Remarks at the International Video Conference. May, 2020





I. General assessment of the level of nuclear confrontation and the situation in the nuclear arms control sphere

The overall assessment of the developments in these two interwoven domains is rather negative:

  •  the level of nuclear confrontation during last several years has sharply increased;
  •  the process in the nuclear arms control area has actually stalled, being characterized by unilateral withdrawal of the USA from the bilateral INF Treaty with Russia and the multilateral Joint Comprehensive Plan of Action Plan known as the Iranian Nuclear Deal, a clear-cut statement of the USA not to ratify the multilateral Comprehensive Test Ban Treaty, and Washington’s intention to resume nuclear testing at Nevada desert and to install two types of low-yield nuclear weapons on strategic offensive arms delivery systems.

The present-day nuclear arms control process may be described by the following features:

1) retaining of nuclear strategy of the first-use or the first-strike of nuclear weapons by many nuclear nations;  2) watering down the functional features between offensive and defensive nuclear arms;  3) lowering down the threshold of using of nuclear weapons – both strategic and tactical, including the low-yield nuclear warheads;  4) seeking nuclear arms supremacy over other nuclear nations;  5) substantial increase in nuclear arms spending, including the percentage of spending on nuclear weapons in relation to overall military budgets;  6) wrong interpretation of the “strategic stability” terminology in the nuclear arms sphere;  7) neglecting the principle of equality and equal security in nuclear arms control;  8) lack of joint approach of the P-5 nations or the de jure nuclear powers towards nuclear arms control steps, and all nine nuclear-weapon states – both de jure and de facto – have assumed a negative stance on the existing Nuclear Weapons Prohibition Treaty.
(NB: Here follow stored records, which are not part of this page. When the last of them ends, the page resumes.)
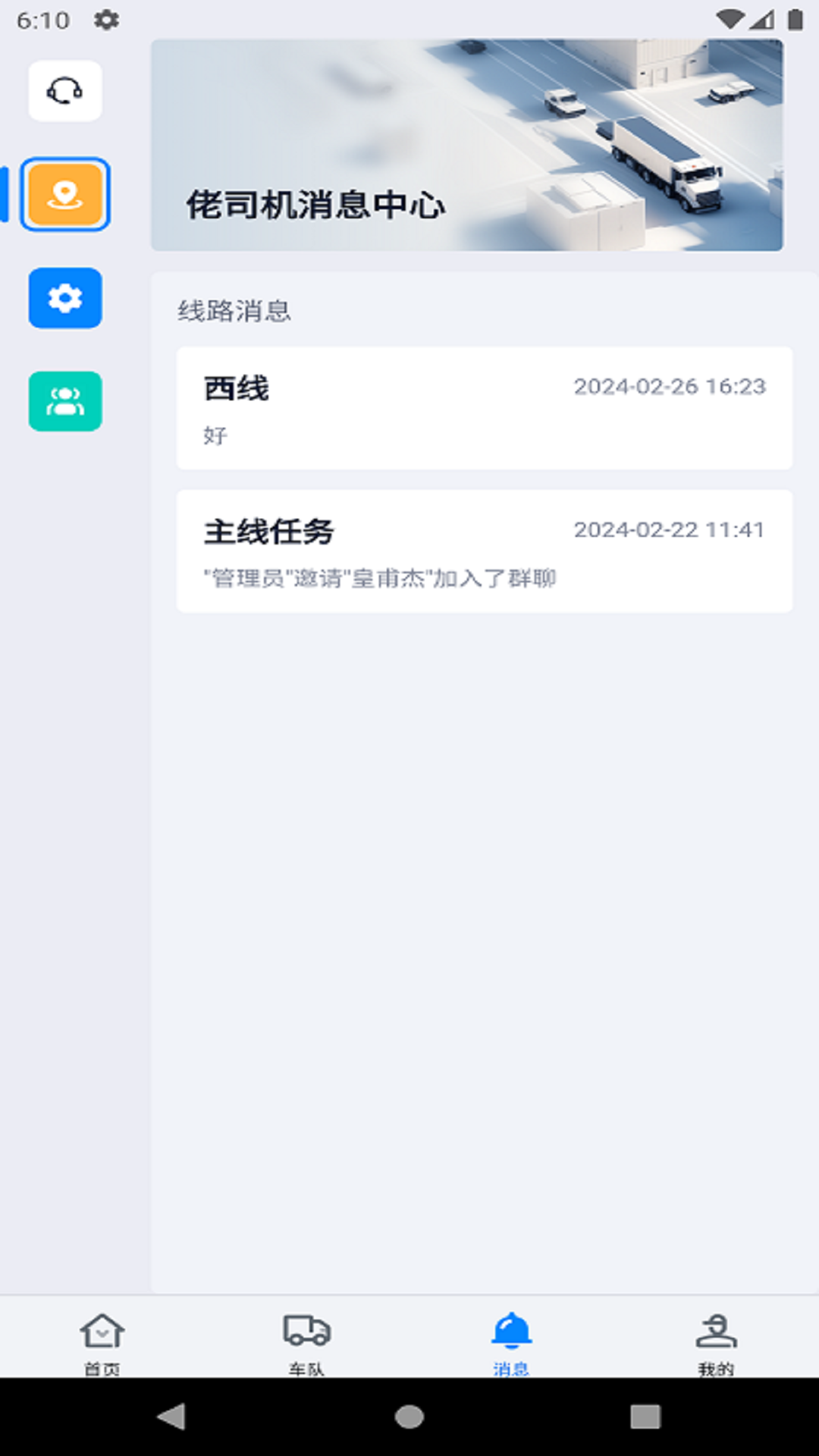 佬司机合伙人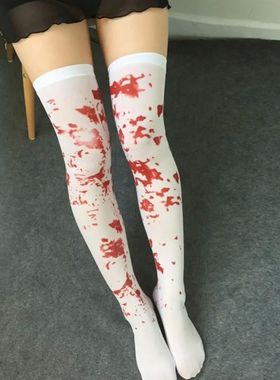 Women Over The Knee Socks Blood Stained Bloody Socks Hallowe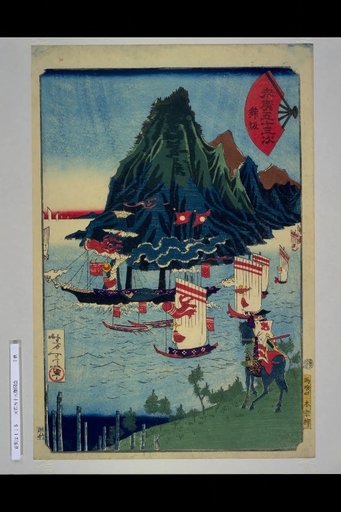 Suehiro's Fifty-Three Stations: Maibaka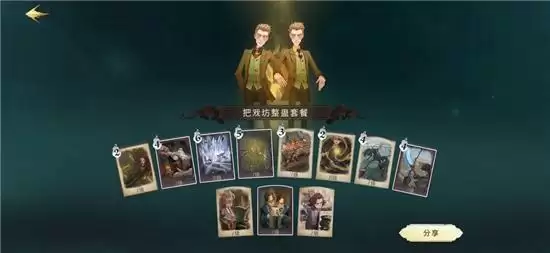 《哈利波特魔法觉醒》单人决斗场上分卡牌组合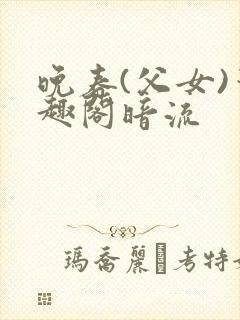 晚春(父女)笔趣阁暗流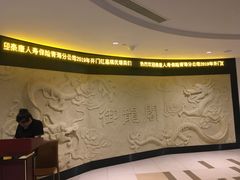 -御龙阁海鲜酒楼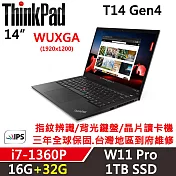 ★記憶體升級★【Lenovo】聯想 ThinkPad T14 Gen4 14吋商務筆電 三年保固 i7-1360P 16G+32G/1TB SSD 黑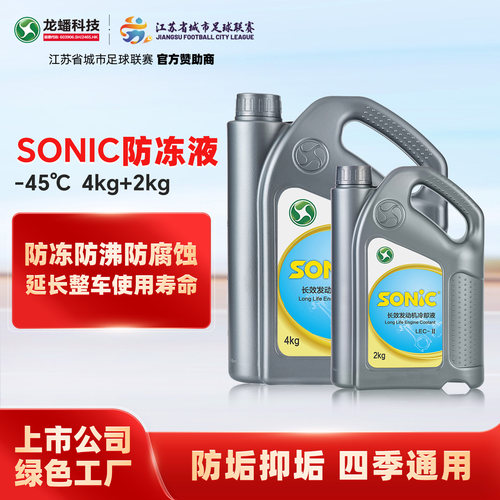 龙蟠防冻液-45℃ 4kg+2kg长效冷却液红色 车形防冻液防冻防沸防腐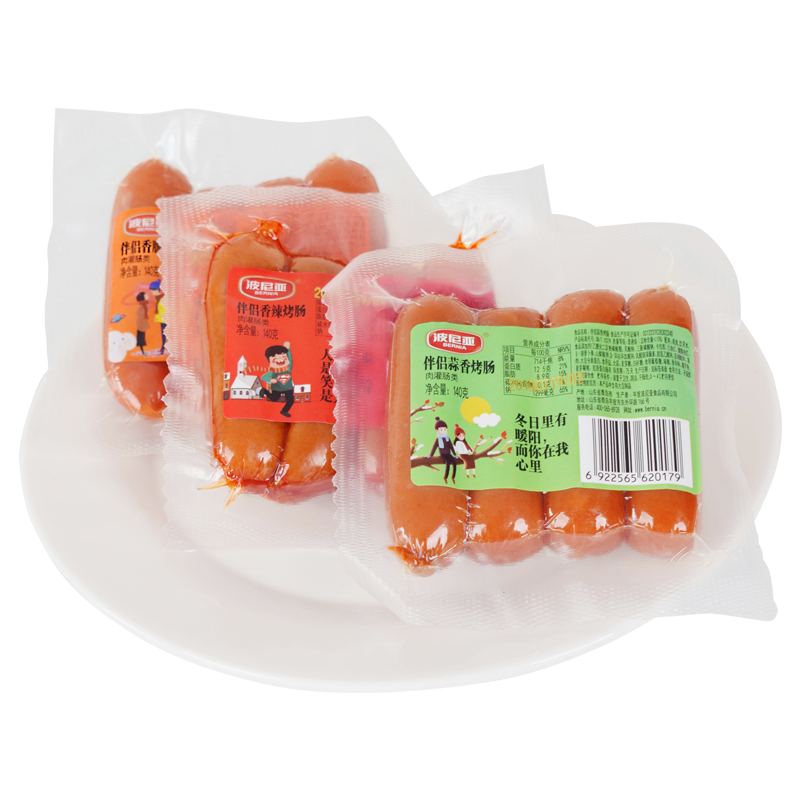 ��Ķ�����ൺ�ز���Ҷ�����Ʒ�̲�160g�̲�һ���²�Ũ���̲����С��װ ��Ʒ��� 160g * 1��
As of April 6, 2020, only 81 states have signed the Treaty and 36 have ratified it. But that is not enough, because it will enter into force if totally 50 countries will ratify it.
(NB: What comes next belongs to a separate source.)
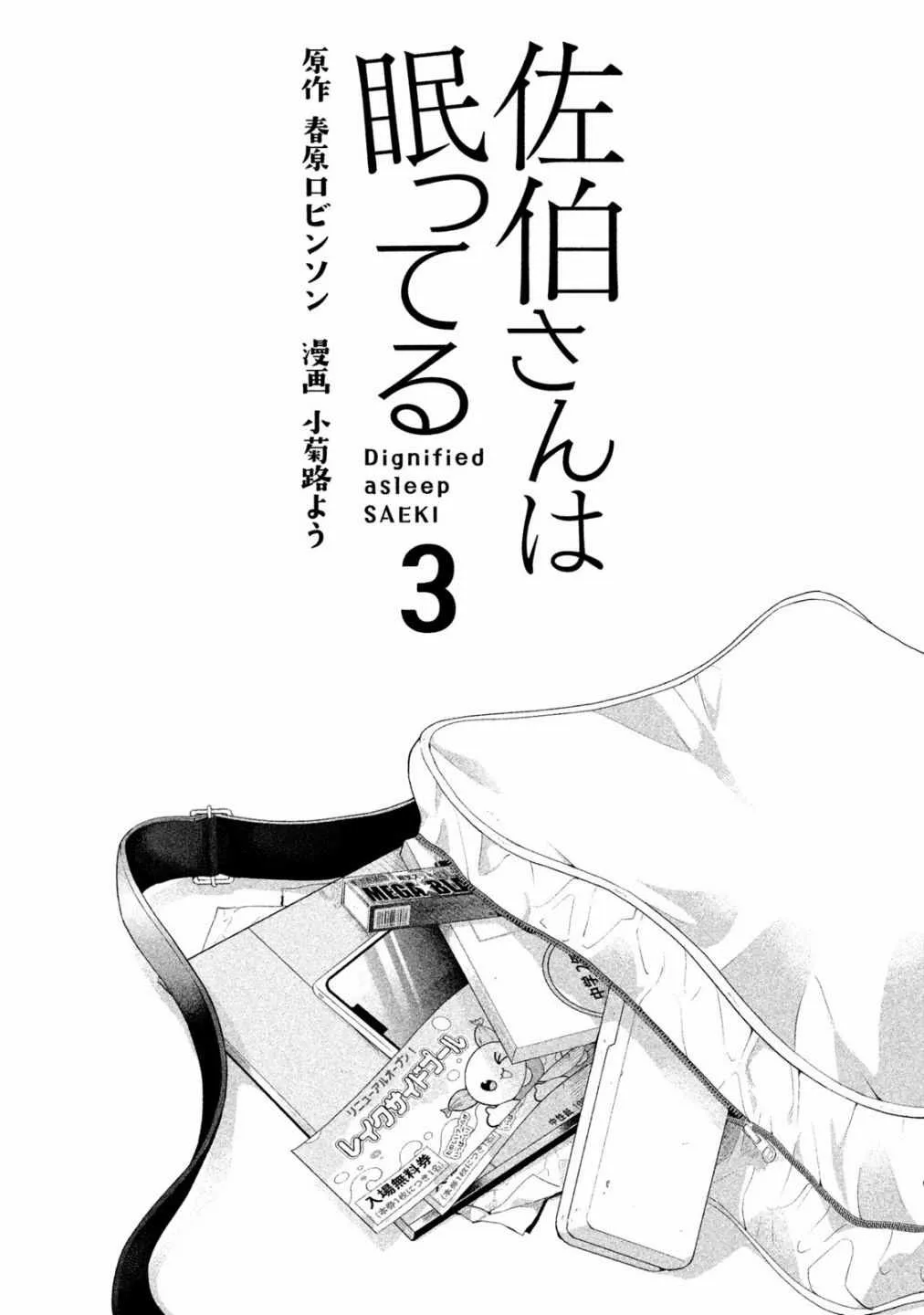 第18话 第2页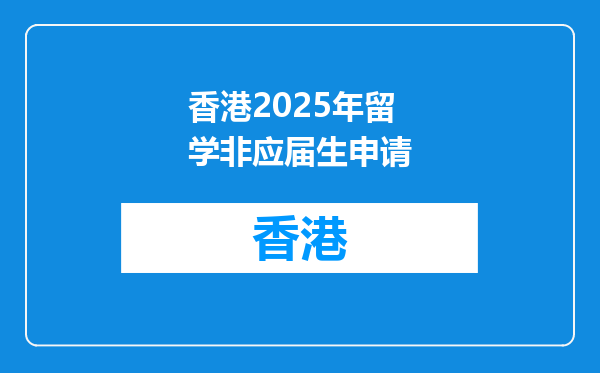 香港2025年留学非应届生申请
If such eight features are not reconsidered and still remain in force, the sound, practical, constructive and mutually beneficial nuclear arms control process will be impossible to attain for many years to come.

No doubt that the nuclear arms race that the world community has inherited from the last century, will be complemented by two new arms races, namely in missile defense and in outer space.
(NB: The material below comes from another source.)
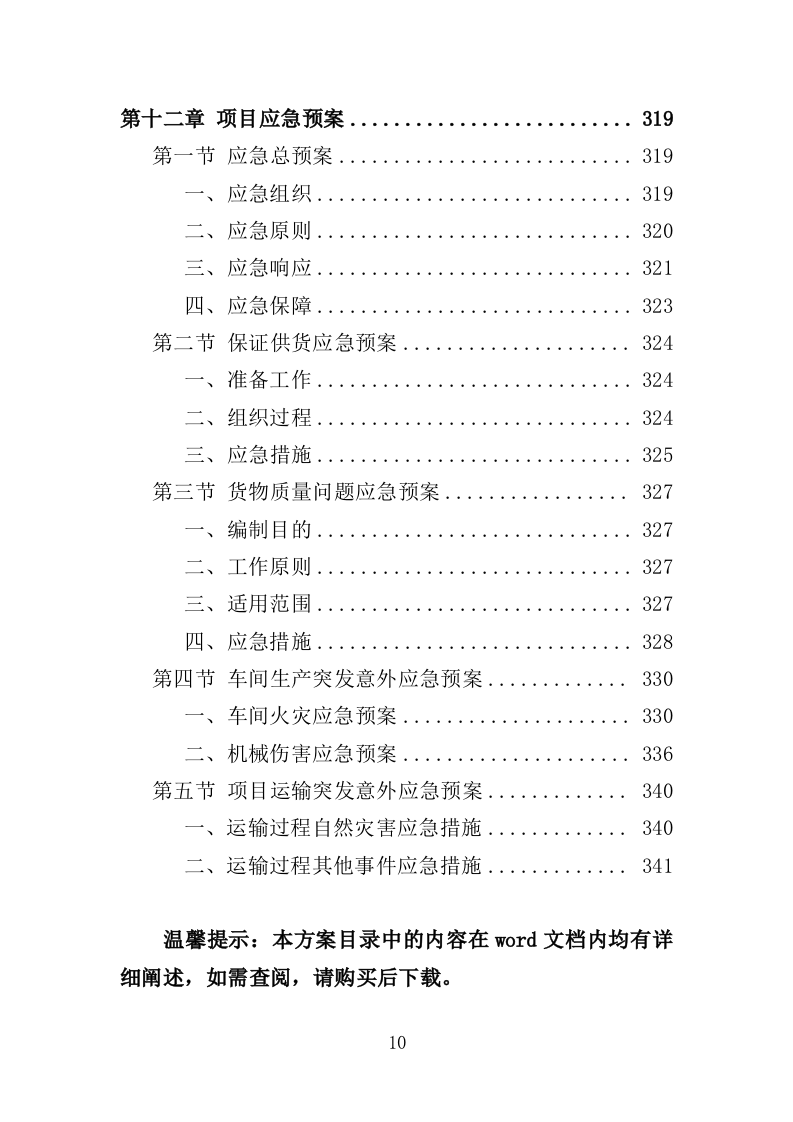 清洁取暖设备采购投标方案（342页）.doc 第9页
II. The situation is complicated by the fact that there are 13 unresolved issues in arms control between the USA and Russia:

1) U.S. negative stance on the New START extension for the next five years; 2) U.S. still has positive view to Tactical Nuclear Weapons’ Employment still stored outside the continental USA for nearly 70 years;  3) U.S. desire to deploy the new INF-related nuclear missiles in Europe and Asia; 4) U.S. intention to use a low-yield nuclear weapons having the yield of less than 5 kiloton;  5) U.S. use of Heavy Strategic Bombers near Russia, the People’s Republic of China, Iran and North Korea in the framework of the frequent air-patrol missions;  6) U.S./NATO Operation “Baltic Air Policing” conducted 24h/365 days over three Baltic nations (Latvia, Lithuania and Estonia), plus Poland involving Dual Capable Aircraft from all three Western nuclear nations;  7) retaining by the USA the First-Nuclear-Strike or First-Nuclear-Use clause, as well other directives such as “launch-on-warning”, “launch-prior-to-launch”, “escalation to de-escalation” reflected in the 2018 U.S. Nuclear Posture Review, and plus existing “nuclear sharing agreements” between the USA and many NATO countries;  8) U.S. refusal to proliferate the INCSEA or Incidents-At-Sea-Prevention-Agreements to SSBN/SSN sailing under water near Russian territory – with the aim to avoid collisions between them;  (9)  U.S. lack of desire to show the Russian inspectors some U.S. strategic nuclear arms delivery systems fitted in words for non-nuclear missions; 10) U.S. unlimited missile defense interceptors versus Russian strategic nuclear arms;  11) the USA has BMDS sites in Europe and Asia fitted with MK-41 that can load nuclear-tipped Ground-launched Cruise Missiles and Hypersonic Vehicles; 12) no U.S. desire to accept a proposal on moratorium for the INF-related missile in Europe and Asia-Pacific Region; and finally, 13) U.S. refusal to repeat once more the famous Presidents Reagan-Gorbachev’s saying that: “Nuclear war cannot be fought, because it cannot be won.”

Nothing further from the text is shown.